Schenna borders the following municipalities: Hafling, Kuens, Merano, Riffian, St. Leonhard in Passeier, Sarntal, and Tirol.

===Frazioni===
The municipality contains the frazioni (subdivisions, mainly villages and hamlets) Schennaberg (Montescena), Tall (Valle), and Verdins.

==History==

===Origin===
In the Middle Ages an important castle was built. Archduke Johann of Austria acquired it in 1845. In the 1970s, 1980s and 1990s many festivals took place inside it, but now, for health and safety reasons (since there was no emergency exit) there are no more.

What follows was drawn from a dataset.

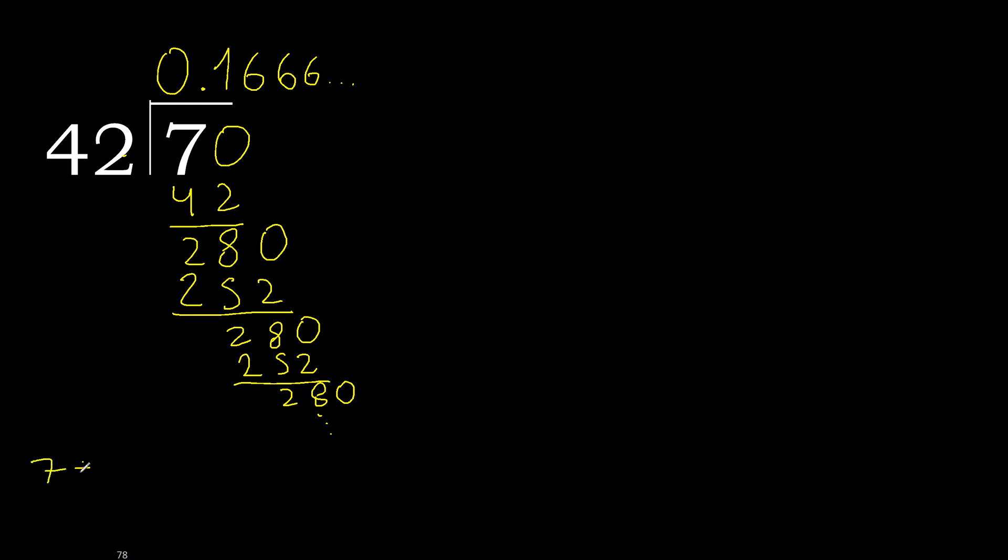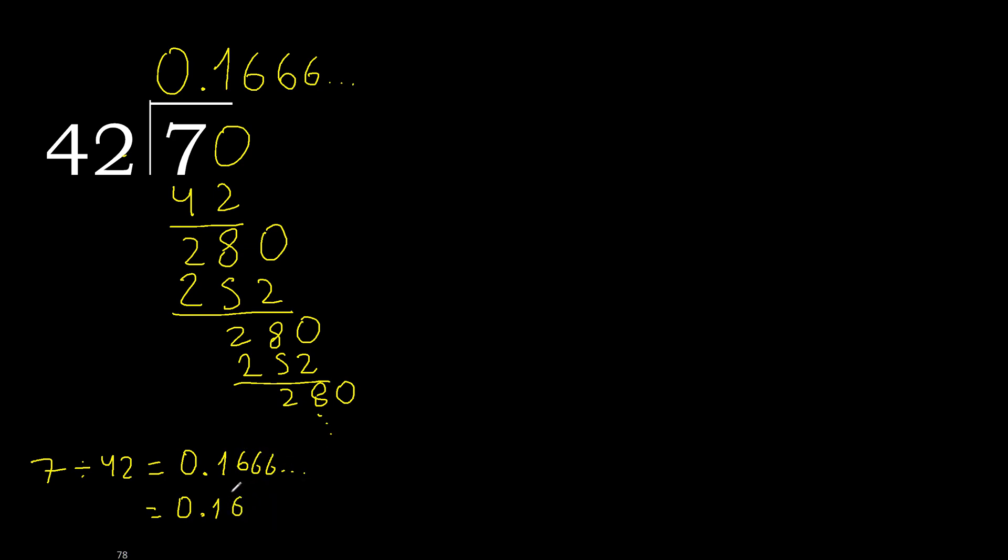7 divided by 42, after the point, 6 repeat, or 6 repeat. Therefore like this, repeat.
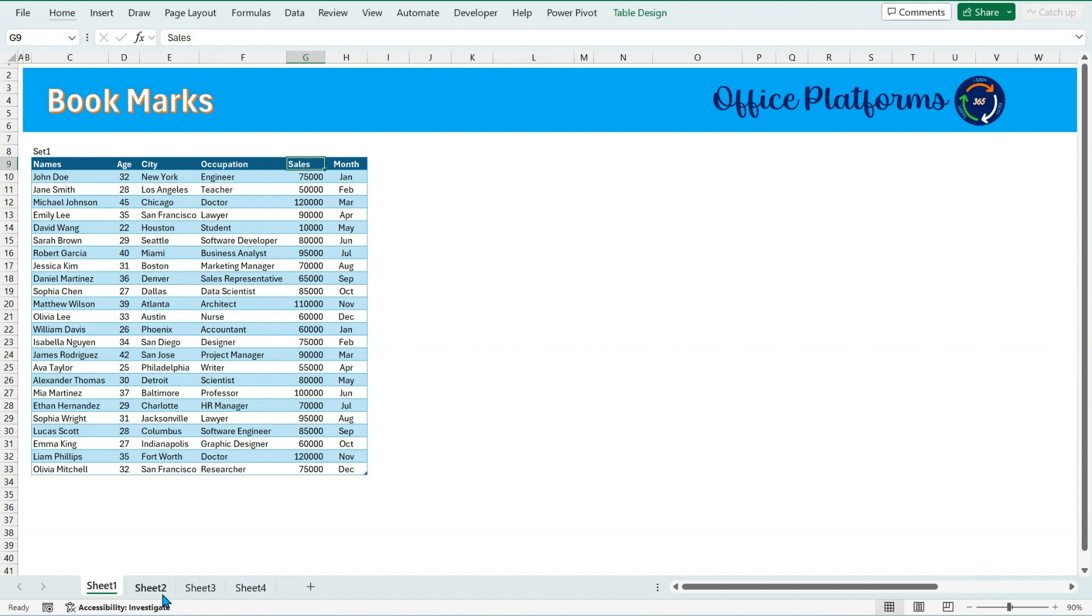So what I will do is I will create a name range on that particular cell, and as we are aware, whatever name ranges that we create are already available in the name box, like the one if you see right now.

Inside the castle, known as "Schloss Schenna" Andreas Hofer's cot is to be found.

===Place-name===

"Schenna" comes from the German "Schön Au" meaning "Lovely Pasture" which is why it used to be written "Schönna", although others say that it is named after a Roman landowner called Sconius. In the 6th-7th century people began to arrive from Bavaria and Franconia.

===Coat-of-arms===
The shield is argent and sable party per fess; at the top a gules lion is represented coming out from the bottom. The emblem was adopted in 1972, even if it was in use prior to World War I.

==Society==

===Linguistic distribution===
According to the 2024 census, 96.99% of the population speak German, 2.94% Italian and 0.07% Ladin as first language.